Many dismiss the Christian belief that God created the entire cosmos—matter, energy, space, time, and laws—as coming from a primitive myth. By “cosmos” I mean “everything that is or ever was or ever will be,” which would include the multiverse (if there is such a thing) beyond our observed universe, but would not include God. Only one of the following statements, however, is actually compatible with the cosmos as we know it:

“In the beginning, God created the heavens and the earth.

“In the beginning, nothing created everything.”

In the universe we live in, things do not pop into existence completely out of nothing. I am not talking about random quantum fluctuations creating subatomic particles here and there, because these particles are not truly popping up out of nothing. By nothing, I mean nothing — no space, time, matter, energy, nor laws. Because of this, it is incompatible with what we know about the cosmos—that is, it is incompatible with science—to believe that the cosmos came from absolutely nothing, or that it somehow created itself.

On the other hand, it is compatible with the universe as we know it (i.e. science) to advocate that it was caused to exist by something completely outside of it. There is absolutely no scientific reason, therefore, for a scientist to not accept that “in the beginning, God created the heavens and the earth.”

Grace and Peace

GeoScriptures — John 1:1,14 — God in a dot

In the beginning was the Word, and the Word was with God, and the Word was God…. The Word became flesh and made his dwelling among us. — John 1:1,14 (NIV 1984)

Perhaps one of the most extraordinary claims of the Christian faith is not that God created the universe (many philosophers believe there must be something outside of the universe that created the universe), or that God can work miracles such as the parting of the Red Sea, but that Jesus Christ (the Word of John chapter one) was God in the flesh. In verse one, it states that “the Word was God,” and in verse fourteen John writes that “The Word became flesh.”

This means that the God who created the entire universe (with all of its laws, energy, and matter), who knows both the position and momentum of each subatomic particle in the universe, and without whom the universe would cease to exist in less than a nanosecond—this God of “all there is or was or ever will be,” became a human being. Not only did God become fully human (while retaining full deity), he became a zygote, a fertilized ovum, about the size of the period at the end of this sentence.

Much of this is mysterious to us. How can someone be fully God and fully human? How can God, as the second person of the Trinity, be compressed into a single human cell? We don’t fully know, but we can be filled with wonder.

This tells us several important things about the God of the universe:

  1. God is not the God of the deists; a God who winds up the clock of the universe and then lets it run its course without intervention. God is not only involved in the day-to-day running of the universe, he actually has stepped into his creation to become a creature.
  2. God cares deeply about human beings.

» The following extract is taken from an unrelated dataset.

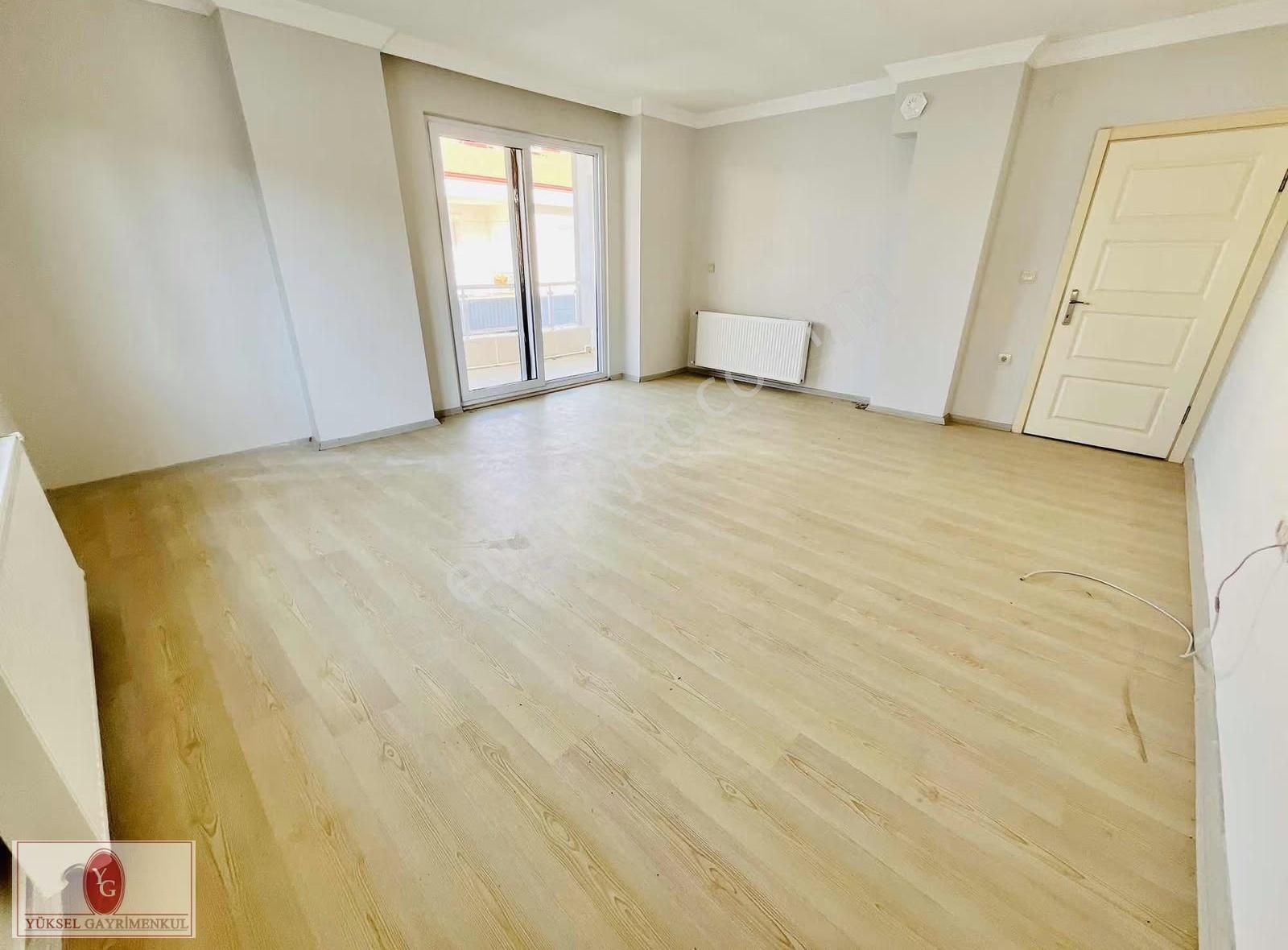 Yükselden İkizçayda Ayrı Mutfak Şahane M2 Uygun Fiyat 2+1 Daire - Görsel 8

God does not look at the heart-wrenching suffering and injustices in this world with indifference, as some accuse him of doing. Instead, God entered into this mess in the person of Jesus Christ. He was born into poverty, saw and experienced great sorrow and suffering, was sentenced to death in a series of unjust trials, and was severely beaten before being nailed naked to a roughly-hewn piece of wood. This is not a God who ignores our pain, but who takes the sin of the world upon himself.
  3. Zygotes matter to God. Embryos matter. The Word became flesh at the point of conception. This tells us that a fertilized egg—a zygote—is fully human, which implies that to kill a zygote (i.e. abortion) is the moral equivalent of murdering any other human.